* [WORK INSTRUCTIONS]: Every record below is to be restated verbatim, though its images are not.

* [SUPPLIED DATA]:
╔══

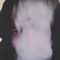 CrazyJeff7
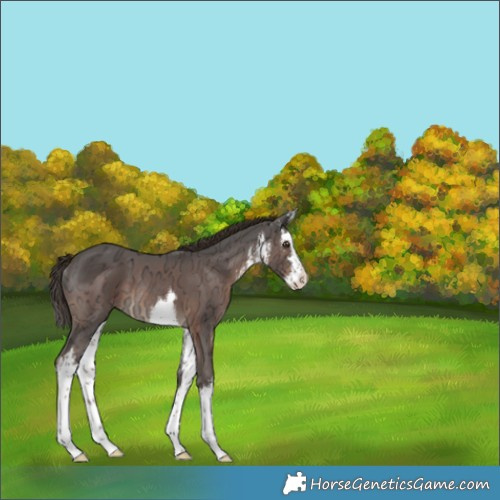 Horse Color:White Spotted Liver Chestnut Ice Splash Rabicano 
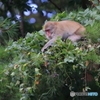 ノブドウに夢中
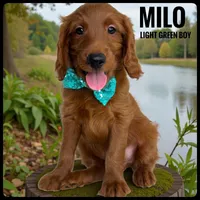 Milo, a male Goldendoodle and Miniature Goldendoodle for sale in Jacksonville, FL – Photo 1 of 3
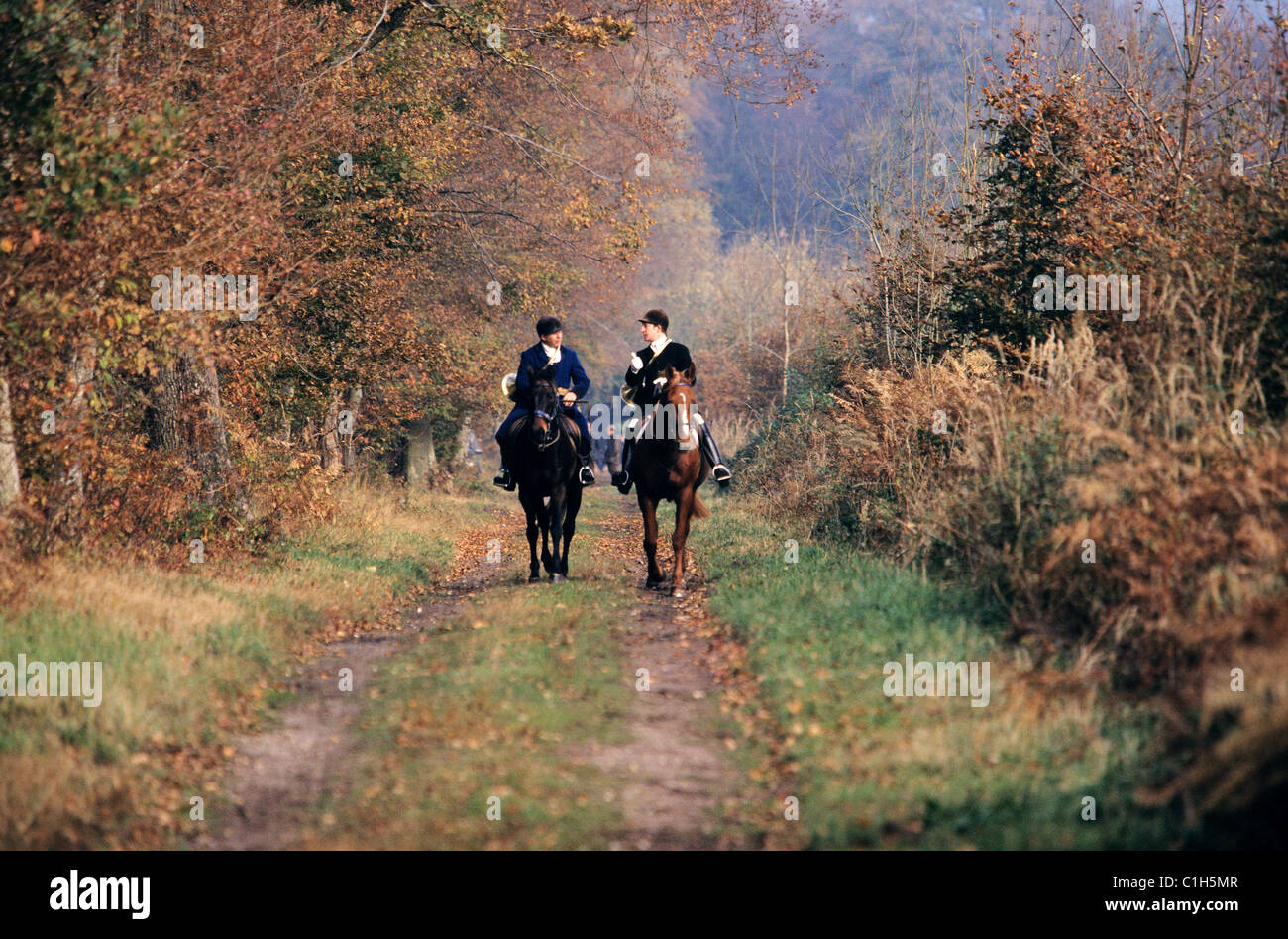 France, Oise, Pierrefonds, venerie, hunting Stock Photo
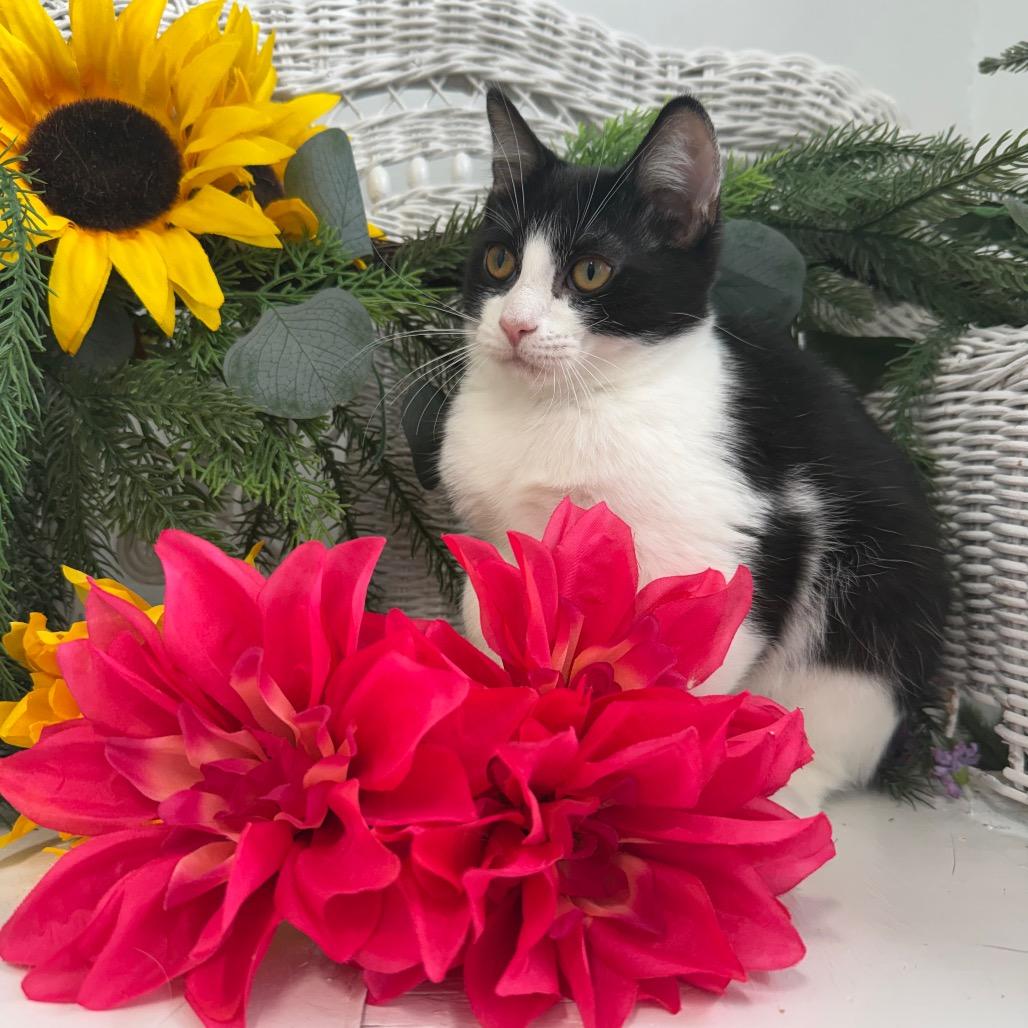 Enlarge Vesper Harbor 56360, a Adoptable Domestic Short Hair in Lansing, MI image 2/6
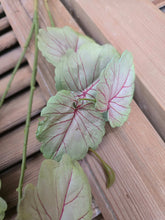 Load image into Gallery viewer, Faux Meadow Vine ~ Blush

╚══

* [ANSWER BOX]:
 CrazyJeff7
 Horse Color:White Spotted Liver Chestnut Ice Splash Rabicano 
 ノブドウに夢中
 Milo, a male Goldendoodle and Miniature Goldendoodle for sale in Jacksonville, FL – Photo 1 of 3
 France, Oise, Pierrefonds, venerie, hunting Stock Photo
 Enlarge Vesper Harbor 56360, a Adoptable Domestic Short Hair in Lansing, MI image 2/6
 Load image into Gallery viewer, Faux Meadow Vine ~ Blush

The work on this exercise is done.